Selanjutnya dengan adanya upaya uji materi Pasal 40 ayat (3) Undang-Undang Nomor 10 Tahun 2016 tentang Pilkada (Undang-Undang Pilkada) ke Mahkamah Konstitusi (MK) karena dinilai bertentangan dengan Undang-Undang Dasar 1945 melahirkan sebuah harapan bahwa partai non parlemen bisa saja menjadi partai pengusung, bukan hanya pendukung.
“Partai pengusung berbasis suara membutuhkan 25% dari total suara sah atau 144.302 suara maka posisi 8 partai non parlemen setara dengan 19,6% dan tinggal butuh sejumlah 116.018 suara lagi untuk dapat mengusung bakal calon bupati-wakil bupati. Hal ini tentunya patut menjadi pertimbangan bagi para bacabup maupun bacawabup”, tambah Wahyu.
Setidaknya ada 3 hal yang perlu untuk dipertimbangkan.
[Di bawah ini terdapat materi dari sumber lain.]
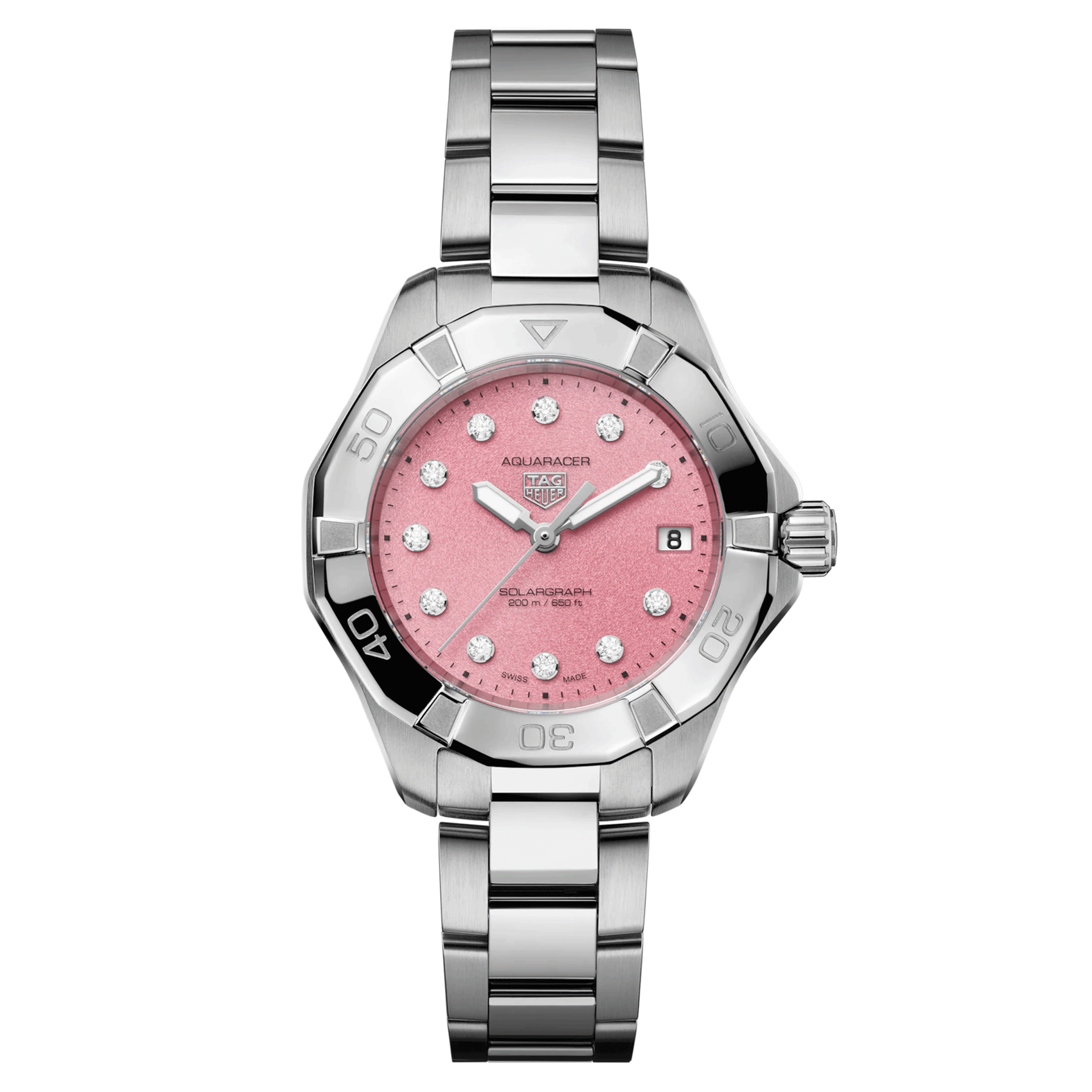 Montre TAG Heuer Aquaracer Professional 200 Solargraph solaire index diamants cadran rose bracelet acier 34 mm WBP1318.BA0005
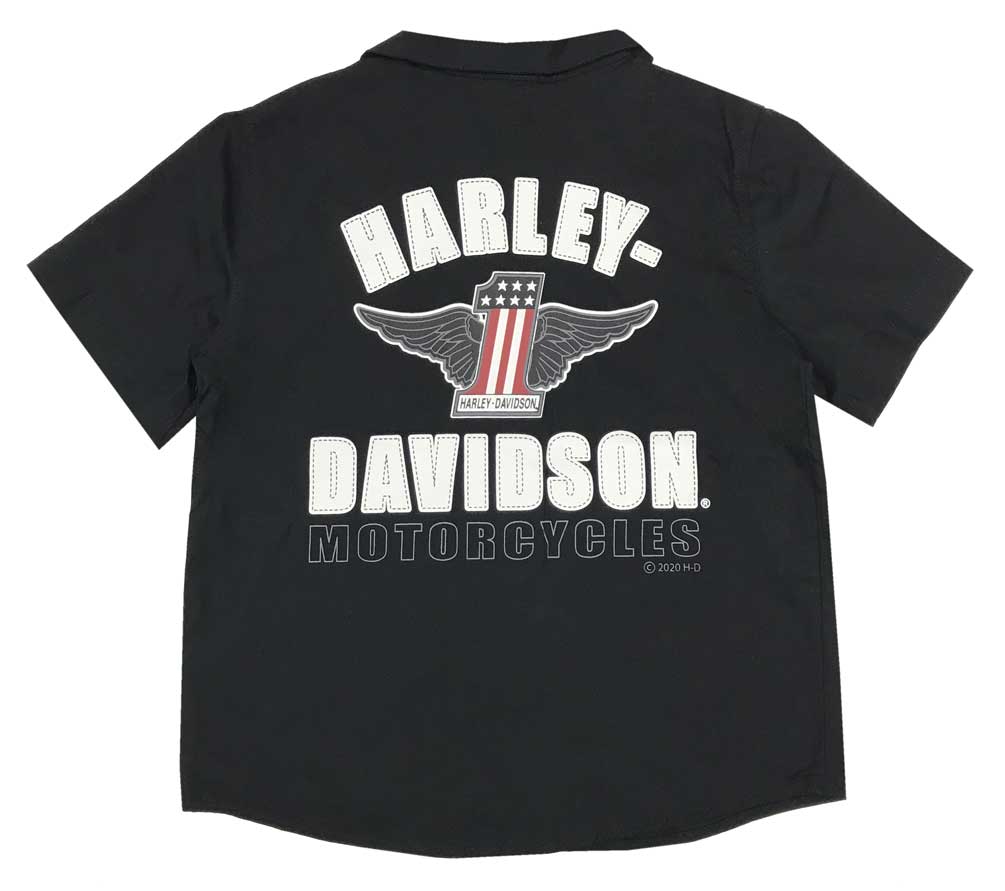 Harley-Davidson Free Shipping - Harley-Davidson Little Boys' #1 RWB Short Sleeve Button Shop Shirt - Black - Free Shipping on many products plus Orders Over $99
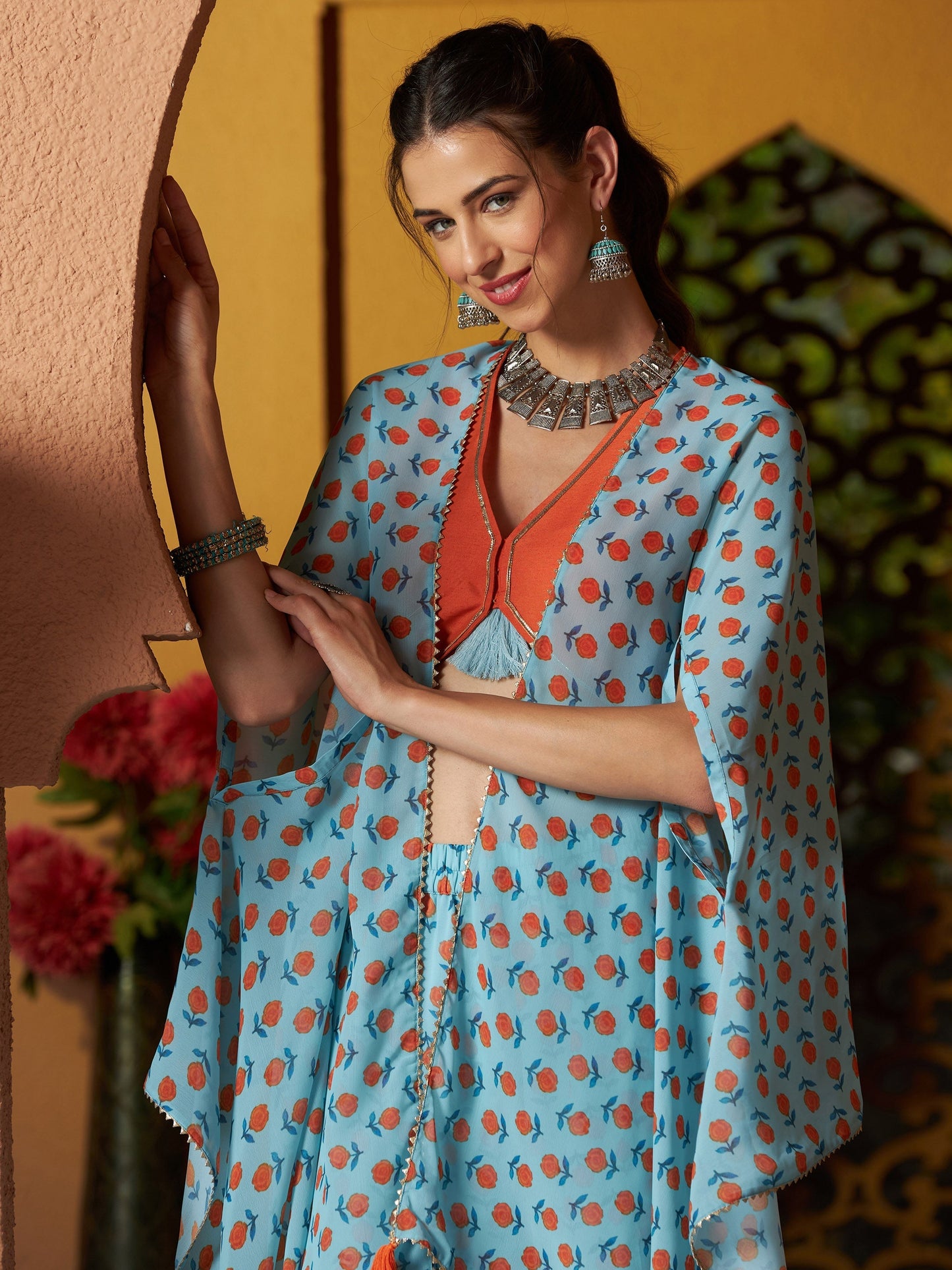 Women's Blue Floral Sharara with Cape and Orange Crop Top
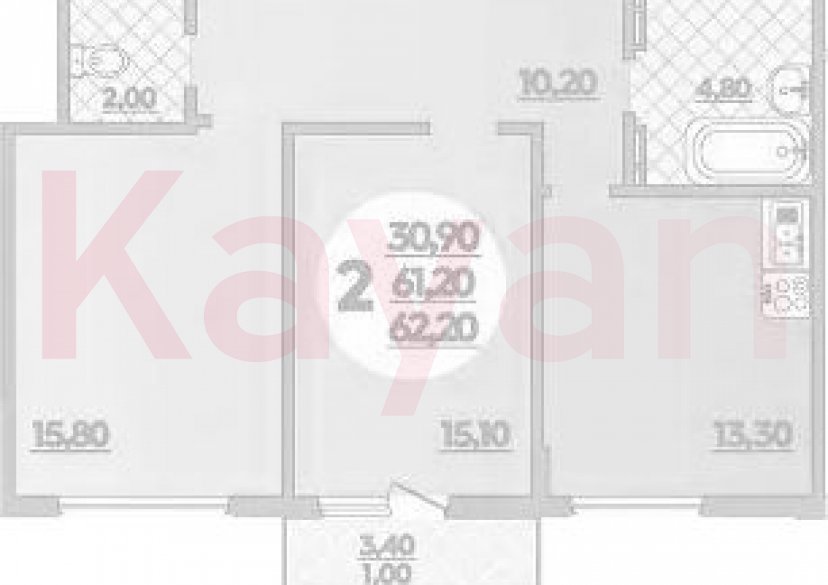 Продажа 2-комн. квартиры, 61.2 кв.м фото 0 Продажа 2-комн. квартиры, 61.2 кв.м фото 0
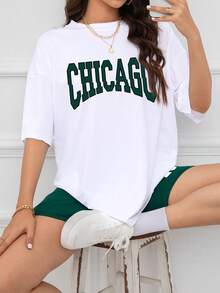 SHEIN EZwear 女士字母印花下垂肩t恤和緊身褲套裝 - 彩色 - 查看 5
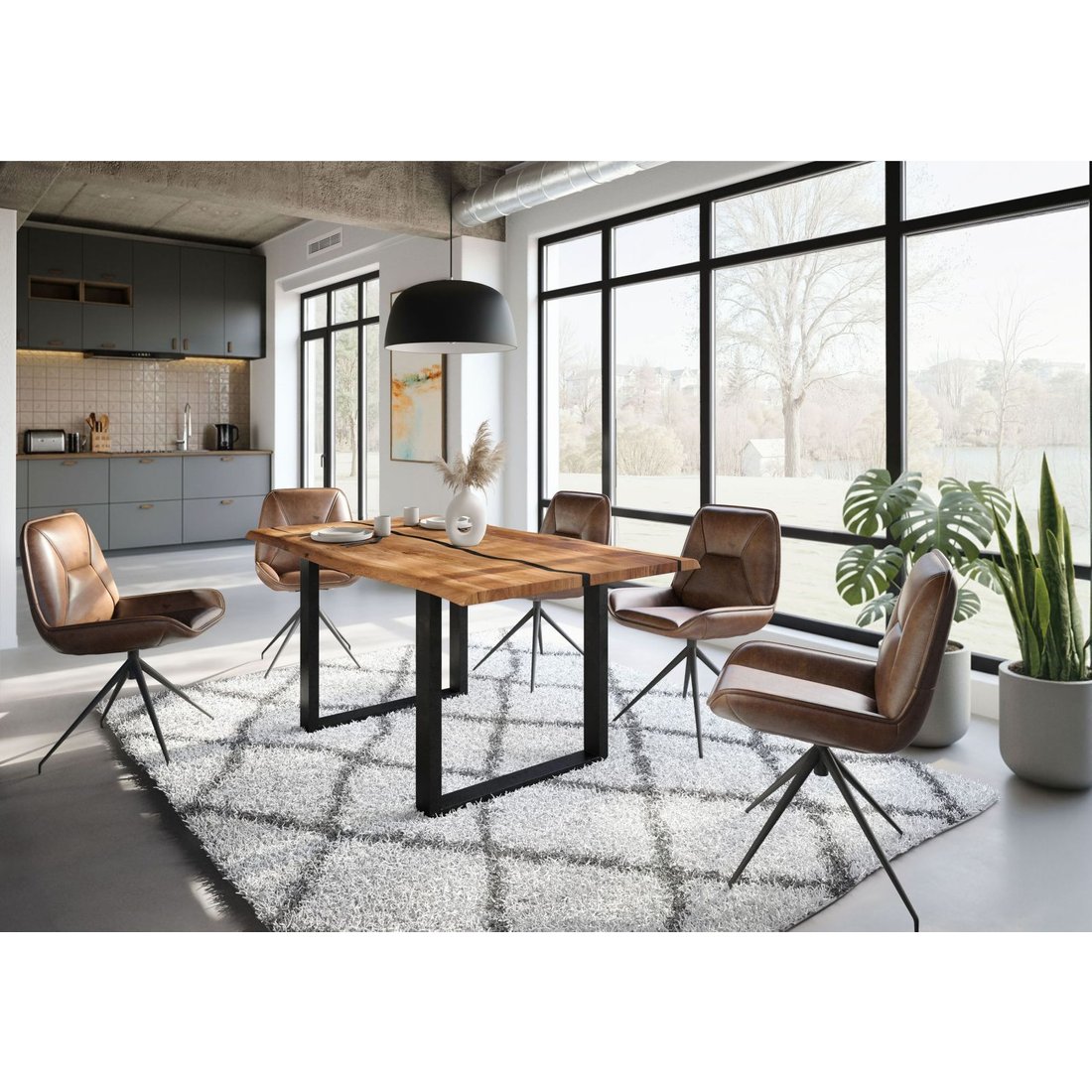 Baumtisch Akazie 160x90x76 natur lackiert / Epoxid schwarz, U-Beine anthrazit matt EPOXY Massivmöbel24 Baumtisch Akazie natur lackiert / Epoxid schwarz, U-Beine anthrazit matt EPOXY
Pertama, Secara psikologis akan menguatkan sugesti bagi pemilih untuk mencoblos pasangan yang didukung oleh begitu banyak parpol karena dianggap lebih kredibel. Kedua, Delapan partai non parlemen ini tentu belajar banyak dari pileg Februari yang lalu. Dengan dukungan logistik yang memadai bukan mustahil mesin partai dapat dihidupkan dengan lebih sporadis dan militan untuk meraup suara dan merasakan kemenangan pula. Dan ketiga, Upaya memperjuangkan dengan sungguh-sungguh suara konstituen secara bersama-sama sehingga tak hanya menjadi pendukung ataupun penonton perhelatan pilkada dapat saja menjadi bara yang mengobarkan semangat solidaritas maupun soliditas yang menarik simpati masyarakat sehingga berbuah kemenangan bagi calon yang mereka usung.
Dalam waktu dekat partai-partai yang tergabung dalam Aliansi Non Parlemen Purwakarta segera membuka pendaftaran bagi para bakal calon bupati Purwakarta.
“Dalam kontestasi, menang kalah adalah hal biasa. Banyak faktor penyebabnya. Yang membedakannya mungkin saja perlakuan atas suara itu sendiri.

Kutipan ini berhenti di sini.